Just coming back to this...has anyone experienced difficulties with church boards and how do you work through that.
Or have you been on a board yourself. Did you get picked or what.
I mean what is the concept of a church board anyway and how did Jesus work through that, were his 12 apostles considered his church board.
I still dont really understand them. How old do you need to be to be an 'elder'?
Is it like a council or a committee. Can anything really get done by comittee?
I haven't been on a church board, but I have had problems with them; they can tend to be slower than molasses in January (well, July, for those in the Southern hemisphere). Generally I have respected their decisions, though I have never felt shy about challenging them when I think they're wrong.
Again, going by what I've seen, board members/elders are nominated, prayed about, grilled (gently) regarding their position on various issues, and subjected to a vote of affirmation by church members. I haven't attended a church that had a formal minimum age for board membership.
The apostles were not a church board in any sense. They were there to learn and follow Jesus' direction, and had no say in what He did.
Back to your question on the Carver model, which I just saw now, I'll provide an illustration from my present congregation (the details are fuzzy as this is third-hand). About 20 years ago, before I attended there, it had a board of elders and a pastor. The board made nearly every decision by committee... even down to the smallest things. At one meeting, the pastor said that if he were a business owner, and he needed a part for a lawnmower, he would go to the hardware store, buy the part, and fix the mower. He explained to them that at the church, he needed to bring the situation to the board, where they would decide
whether the mower needed fixing,
whether to fix it,
when to fix it,
how to fix it, and
how much could be spent on the part needed (usually less than what it cost!). The pastor was constantly hamstrung by protocol. They caught on right away and worked to change things.

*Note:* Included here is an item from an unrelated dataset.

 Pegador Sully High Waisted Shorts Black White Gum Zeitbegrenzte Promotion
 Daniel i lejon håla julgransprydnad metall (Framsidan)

The Carver model basically sets up parameters around the role of the board and that of the primary leader (pastor, in this case). The board is responsible for legal matters (accounting, licences, property taxes, filing papers, etc.) and for major expenditures. The pastor is responsible for other staffing, programs, and, within an established budget, day-to-day financial decisions. For us it has worked very well. We're now making some adjustments to our model to be more effective in our ministry.